Güncelleme Tarihi:
CUMHURBAŞKANI Abdullah Gül resmi ziyaret için geldiği İsviçre'de temaslarını sürdürüyor. İsviçre Cumhurbaşkanı Doris Leuthard tarafından karşılanan Gül ortak bir basın toplantısı düzenledi. Gül, İsviçre’de referandumla minare yapımının yasaklanmasıyla ilgili olarak, "Herkes istediği şekilde ibadetini yapabiliyor. İbadethane hakkında da daha çok özgürlüğün olmasını görmek isterdim. Minareden korkulacak bir şey yok" dedi. Gül, İsviçre’de farklı etnik yapılar, farklı kültürler ve farklı dillerin özgüven içinde yaşadığını anlatırken, ülkenin dört resmi dili bulunmasının özgüveninin göstergesi olduğunu belirtti.
SAYGI DUYULMASI GEREKİR
Cumhurbaşkanı Leuthard, İsviçre’de yapılan halk oylamasıyla minare yapımına yasak getirildiği anımsatılarak, "Çok kültürlülük sizde ne derece başarılı oldu? Bunu ne kadar yürütebiliyorsunuz?" sorusu üzerine, çok kültürlülüğe açık bir ülke olduklarını ve vatandaşlarının yüzde 22’sinin yabancılardan oluştuğunu söyledi. Minare yasağına ilişkin görüşlerini açıklayan Leuthard, "Minare yasağı sadece bir inşaat yasağıdır, kimsenin camiye gitmesini engellemiyor, dini inançlarını yerine getirmesini engellemiyor. Bu bir halk oylamasıdır ve saygı duyulması gerekir. Bu, asla bizim temel çok kültürlülüğe karşı açıklığımızda bir şey değiştirmemiştir" diye konuştu.
KURALLARA UYUN
İsviçre’nin açık bir ülke olduğunu dile getiren Leuthard, bunun İsviçre’nin sorun ve çatışmalardan arındığı anlamına gelmediğini belirtti. Çeşitli kültür ve dinlere mensup insanların bir arada olmasının, entegre olmaları çabasını gerektirdiğini ifade eden Leuthard, "Bu bizim karşı karşıya bulunduğumuz kesintisiz bir süreçtir. Gelecekte de açık bir ülke olmak istiyoruz ve bunun mümkün olduğuna inanıyoruz. Fakat herkesin uyması gereken kurallar var, bu kurallar üzerinde sürekli çalışmak gerekiyor" diye konuştu.

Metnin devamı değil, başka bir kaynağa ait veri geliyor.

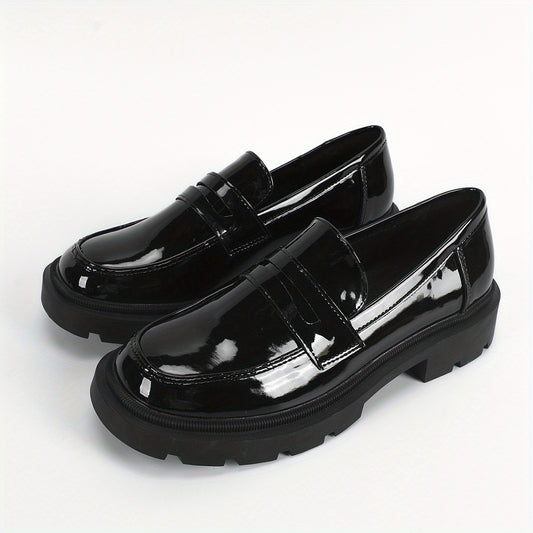 Patent Leather Platform Loafers Slip On Shoes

ÇİFTE VERGİYİ ÖNLEME ÖNLEMİ
İsviçre Parlamentosunu da ziyaret eden Cumhurbaşkanı Gül ”İsviçre ile Türkiye arasındaki ilişkiler, ekonomi, ticaret, eğitim, bilim, kültür ile sosyal ve beşeri alanlarda da büyük bir potansiyel arz etmektedir. Bu potansiyelin hayata geçirilmesi yolunda son dönemde önemli adımlar da attık. Özellikle ticaret ve yatırım ilişkilerimizin zemininin geliştirilmesinde önemli mesafe kat ettik. 18 Haziran 2010'de İsviçre’de imzalanan Çifte Vergilendirmenin Önlenmesi Anlaşmasının bir an evvel yürürlüğe girmesine büyük önem atfediyorum" dedi.
ÖNEMLİ BİR FIRSAT
İsviçre’de yaşayan ve nüfusu 120 bini aşan Türk toplumunun iki ülke arasındaki işbirliğinin çeşitlendirilmesi için önemli bir fırsat olduğunu, aynı zamanda toplumsal ve kültürel anlamda da bir dostluk köprüsü de teşkil ettiğini dile getiren Gül, ”Bu vesileyle vatandaşlarımızın her alanda İsviçre toplumuna uyum sağlamasını desteklediğimizi ve teşvik ettiğimizi belirtmek istiyorum” dedi.
YENİ İŞBİRLİĞİ OLUŞTURABİLİRİZ
"İsviçre’de yaşayan vatandaşlarımız, Türk ve İsviçre halkları arasında karşılıklı anlayış ve hoşgörünün geliştirilmesi bakımından önemli bir unsurdur. Bu önemli potansiyeli değerlendirerek eğitim ve kültür alanında ülkelerimiz arasında yeni işbirliği mekanizmaları oluşturabiliriz” diyen Cumhurbaşkanı Gül, Türkiye’nin geçen yılki Cenevre Kitap Fuarına onur konuğu olarak katılmasının, kültürel etkileşim yoluyla iki ülke halklarının birbirini daha iyi tanımalarına çok hizmet ettiğini belirtti.